The first face-to-face meeting between Joe Biden since he became US president in January and Russia’s Vladimir Putin could run four to five hours or beyond while they discuss arms control, cyber-hacking and election interference.
But in a sign of the strained ties, it will not include any meals and the two will hold separate news conferences rather than a joint one.
“No breaking of bread,” a senior US official told reporters as Biden flew to Geneva for the talks, scheduled to begin about 1 p.m. (1100 GMT) in Villa La Grange, an elegant gray mansion set in a 30-hectare (nearly 75-acre) park.
Putin arrives first at the villa, where the two will meet Swiss president Guy Parmelin before starting their talks in the library, which contains historic leather-bound volumes, including works in Chinese, French, Persian and Turkish.

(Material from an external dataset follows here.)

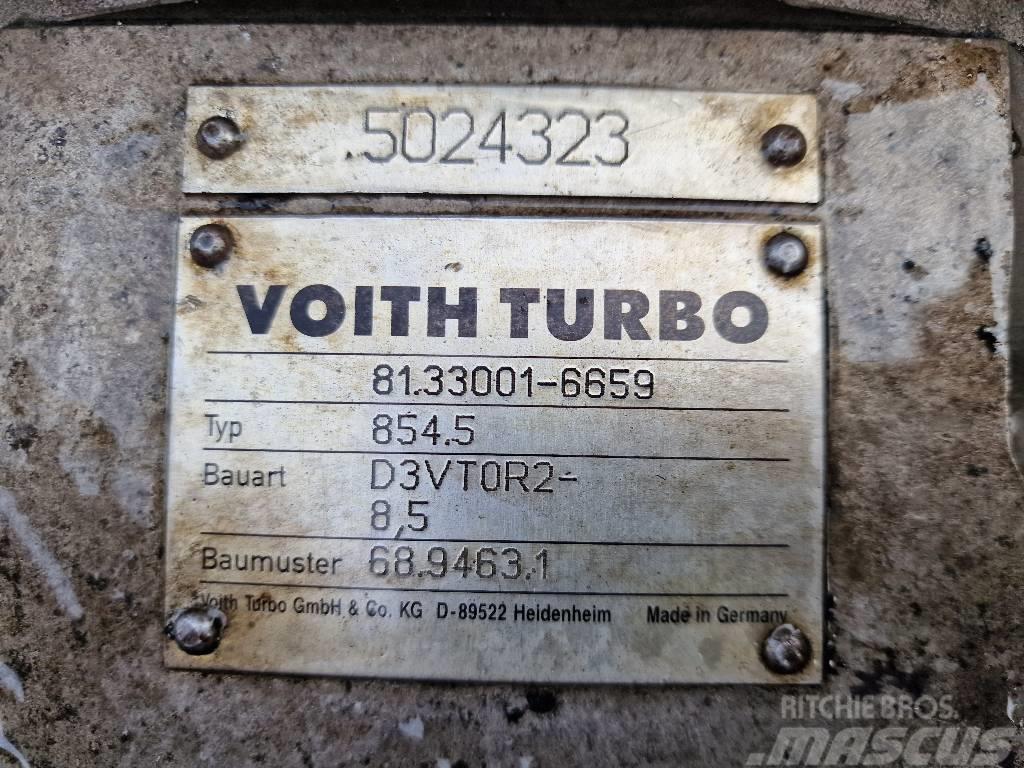 Voith Turbo Diwabus 854.5 Versnellingsbakken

Biden and Putin will meet together with their top foreign policy advisers, Secretary of State Antony Blinken and Foreign Minister Sergei Lavrov, as well as interpreters, before holding a larger gathering. Between 3,000 and 3,500 police and other forces are being deployed in the usually sleepy Swiss lakeside city.
The authors represented among the thousands of books at the villa include Charles Pictet de Rochemont, a Swiss diplomat who prepared the Swiss declaration of permanent neutrality - itself likely a factor in the choice of Geneva for the summit.